As many if not most Bergman films are, Through a Glass Darkly is a case of the auteur grappling with his feelings about God. Conscious of her own condition and eventually conscious of its inability to be cured, Karin latches hold to this idea that God is behind the wallpaper in the attic of her father's summer house on the island. She feels that if she can only hear what God is saying to her, she will be saved. I've written before, when discussing the works of Carl Theodor Dreyer, that it was clear that Bergman was influenced by his Danish predecessor, and Through a Glass Darkly seems to be one of the most direct examples of that. As Karin is rendered into a kind of simpleton through her disease, she seems to be a clear echo of the character Johannes from Dreyer's Ordet, who has also lost his sanity and believes he is Jesus Christ.

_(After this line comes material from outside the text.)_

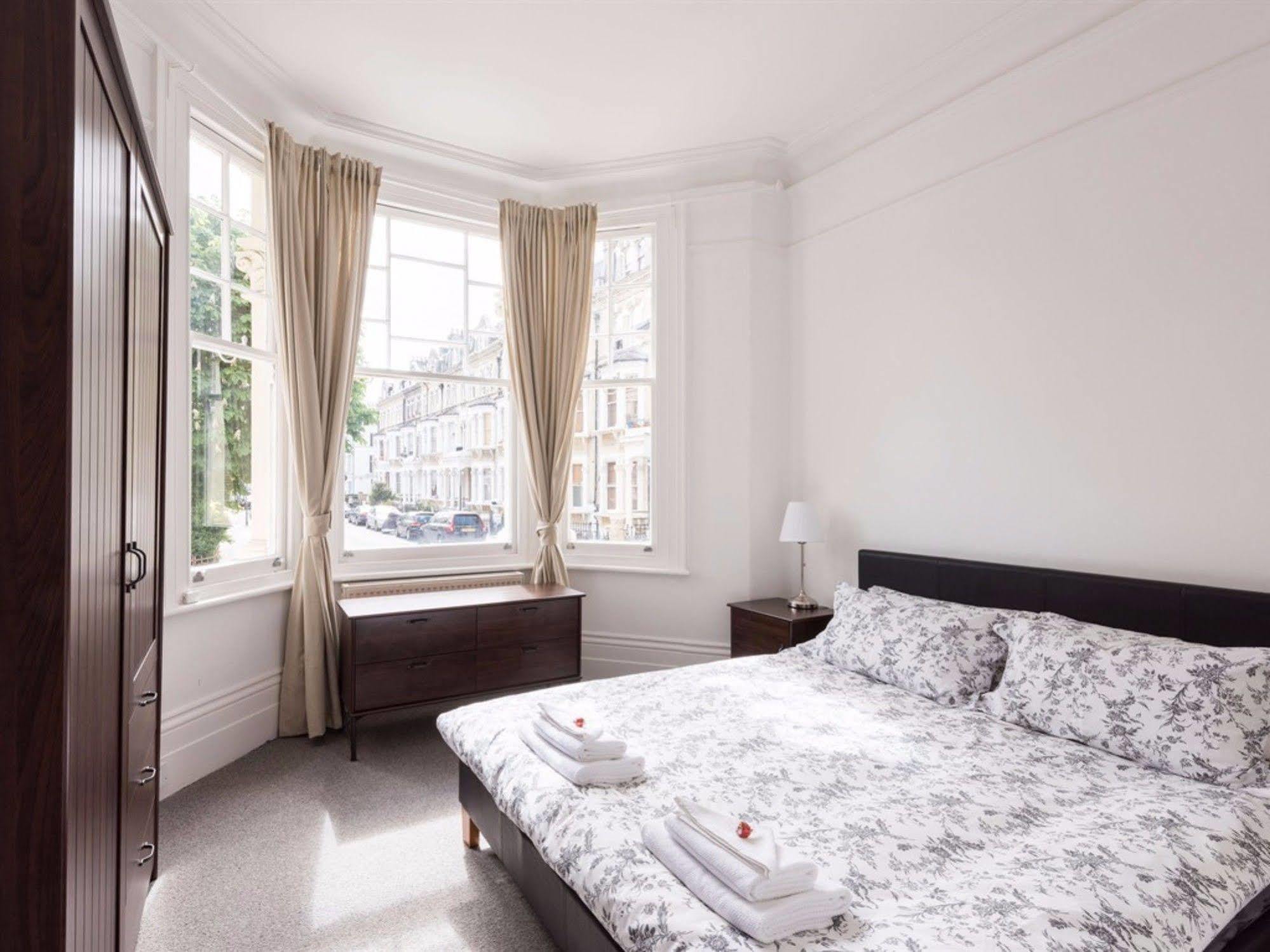 Kensington Apartments Richmond  Bagian luar foto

Bergman's other key obsession is, of course, mortality, as one character speaks of having attempted suicide and been saved by a kind of divine intervention. Death hangs around this movie almost as much as it (literally) hangs around The Seventh Seal, as the unspoken question surrounding Karin seems to be whether she would be better off dead than suffer through the extreme emotional turmoil of her condition. Her own actions veer toward the suicidal, and we wonder if learning that her condition is incurable hasn't unleashed a death wish that will soon be achieved -- either within the running time of the film or soon after.

Andersson is simply astonishing in the lead role, one of those meaty roles for women that any actress would want to play (the stage version was originally to have been essayed by Cate Blanchett, and Carey Mulligan has also played the role). She is truly tormented in this way that is also strangely sexualized, in what is starting to emerge as another obsession of Bergman's -- that focus also made an appearance in The Virgin Spring, and will do so five years later in Persona. Andersson's performance is both haunted and erotic in a way that is discomfiting.

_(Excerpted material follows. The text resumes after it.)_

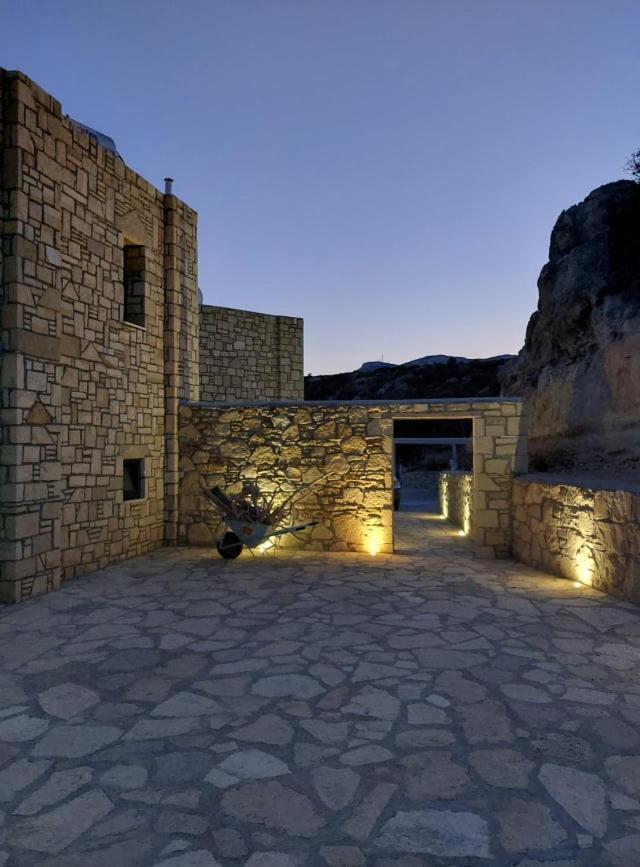 Evilia Luxury Villa Amoopi Exterior foto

As striking as this film is in many ways, it may actually be my lowest rated Bergman film at only 3.5 stars. That of course speaks to the overall strength of his filmography more than anything about Darkly in particular. Darkly may actually be a four-star movie (or higher), but it's suffering a bit from my ongoing reevaluation of which movies get which star ratings. In all probability, Bergman is the type of filmmaker whose every film deserves at least four stars.

The reason I'm inclined to rank this one "lowest," as it were, surely has something to do with the fact that I had to finish its last hour between midnight and 1 a.m., using all kinds of artificial stimulants (purely of the food and drink variety) to keep myself awake. I also think that now that I'm becoming more familiar with Bergman's themes, it's easier to recognize which films I consider major considerations of those themes, and which minor. Just because Through a Glass Darkly seems relatively minor in the grand scheme of Bergman, though, doesn't mean it's not powerful and memorable in its own right.

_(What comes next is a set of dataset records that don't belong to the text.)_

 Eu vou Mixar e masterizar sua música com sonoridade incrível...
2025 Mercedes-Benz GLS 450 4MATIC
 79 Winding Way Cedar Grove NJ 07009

I've discovered that Through a Glass Darkly is the first in an informal spiritually-themed trilogy that includes Winter Light and The Silence, both of which are also borrowed from my friend. That means Winter Light is up next, which is appropriate as we get into what's supposed to be the coldest month of the Melbourne calendar.

I'll watch it ... in about a fortnight.

2 comments:

1001: A Film Odyssey is produced, directed and written by Chris, a librarian. said...

Watching a lot of Bergman films in succession like you are doing is the best way to do it.

Derek Armstrong said...

Yeah Chris, it seems like that's the case. Looking forward to the next one.